The Moontrane is not available on Spotify. (You see, general neglect!) However, the full album is available on YouTube, listen here.

The Cedar Walton Trio featuring Clifford Jordan A Night At Boomers Vol. 1 & 2 (Muse 1973)

Mainstream jazz at its most fluent, refreshing and adventurous. That is A Night At Boomers Vol. 1 & 2 by The Cedar Walton Trio featuring Clifford Jordan.

The Cedar Walton Trio - A Night At Boomers Vol. 1

The Cedar Walton Trio - A Night At Boomers Vol. 2

Personnel

Cedar Walton (piano), Clifford Jordan (tenor saxophone Vol. 1 A1, A3, B1-4; Vol. 2 A2, B1-3), Sam Jones (bass), Louis Hayes (drums)

Recorded

on January 4, 1973 at Boomers, New York City

Released

as Muse 5010/5022 in 1974

Track listing

Volume 1
Side A:
Holy Land
This Guy’s In Love With You
Cheryl
Side B:
The Highest Mountain
Down In Brazil
St. Thomas
Bleecker Street Theme
Volume 2
Side A:
Naima
Stella By Starlight
All The Way
Side B:
I’ll Remember April
Blue Monk
Bleecker Street Theme


Gary Giddins: “Where is jazz going?”
Cedar Walton: “It’ll go wherever we take it. We’re the masters of it. And wherever my colleagues and I feel like going tomorrow.”
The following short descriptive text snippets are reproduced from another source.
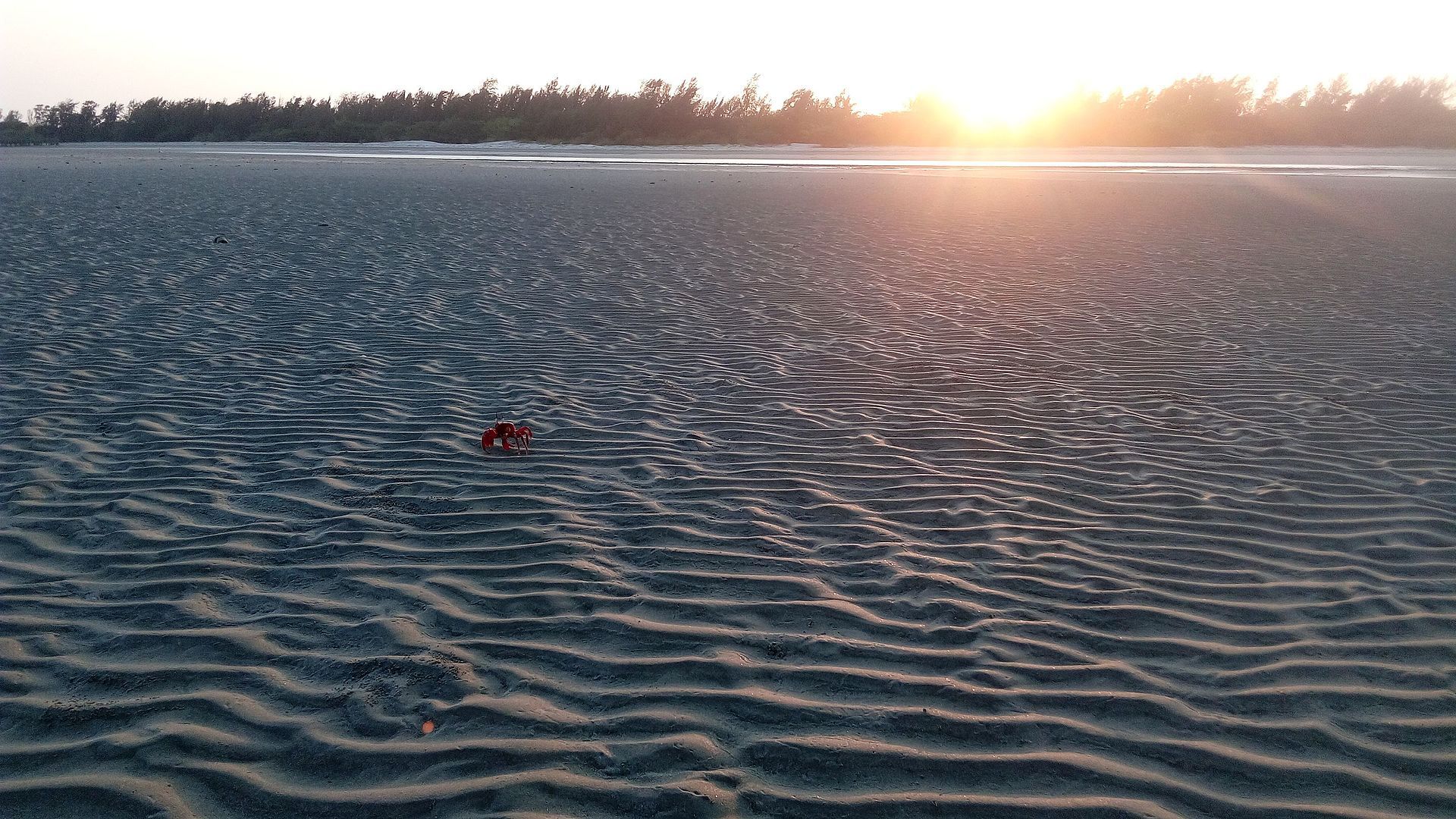 Henry Island Beach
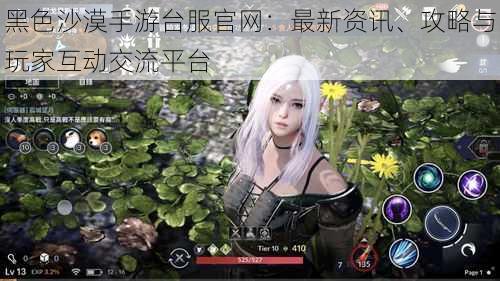 黑色沙漠手游台服官网:最新资讯、攻略与玩家互动交流平台
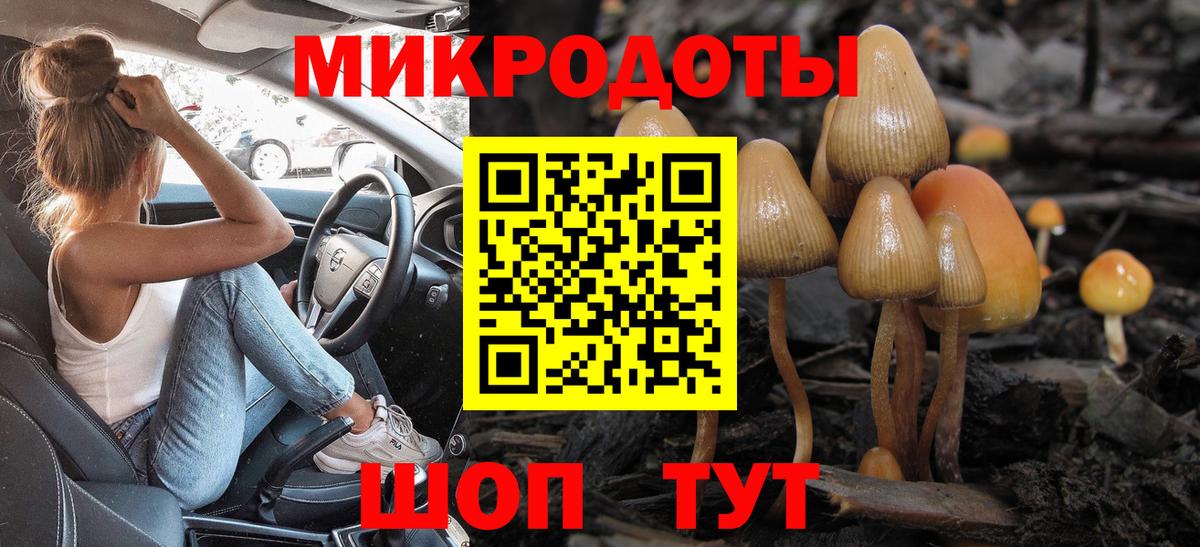 Галлюциногенные грибы MAGIC MUSHROOMS Подольск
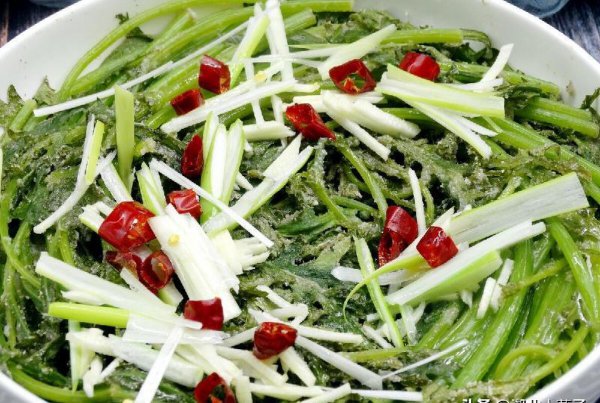 十大最有营养的蔬菜排名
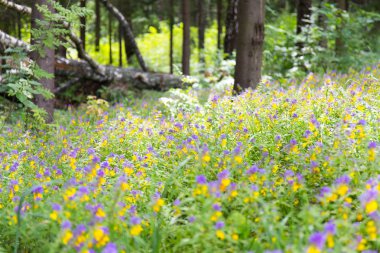 Kır çiçeği ve orman çim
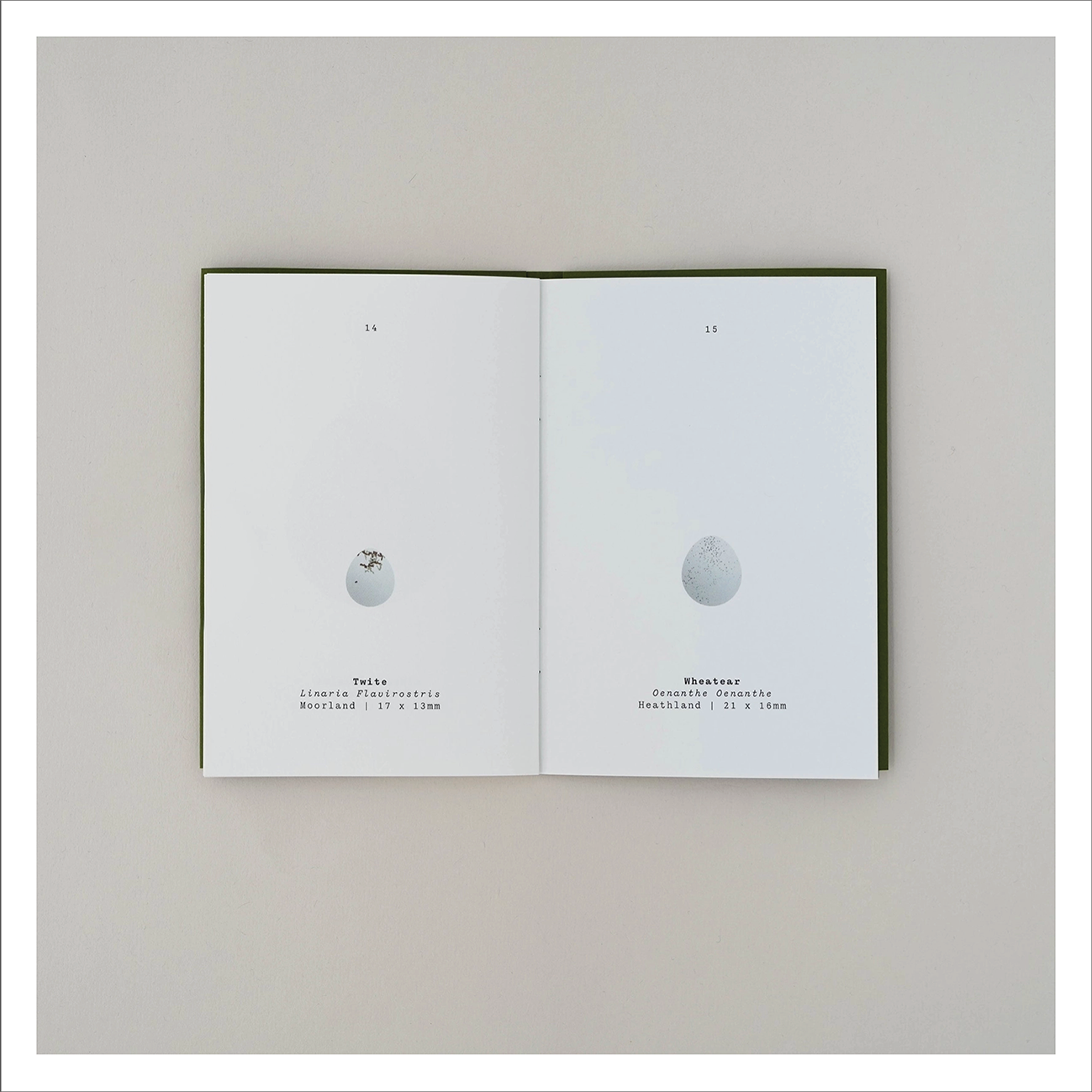 Ploterre - An Observers  Book of Bird Eggs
The time is January 4, 1973, the place is Boomers in Greenwich Village, NYC, the club that, by all accounts, overflows with knowledgeable jazz fans. The paranoiac and grumpy Republican, Richard Nixon, is in the Oval Office. The burglaries at the headquarters of the Democratic Party take place in May 1972. Reporters Bob Woodward and Carl Bernstein sink their teeth into the case. It’s a pressure cooker. The termination of the Vietnam War is long overdue. The number of casualties has been highest among blacks. The army is still segregated. Blacks here, whites there. And here means low in the hierarchy – straight from the assembly line of the Ford factory to the battlefields. Few if any black men wear stripes and play cards in the mess. It’s still, well, a mess.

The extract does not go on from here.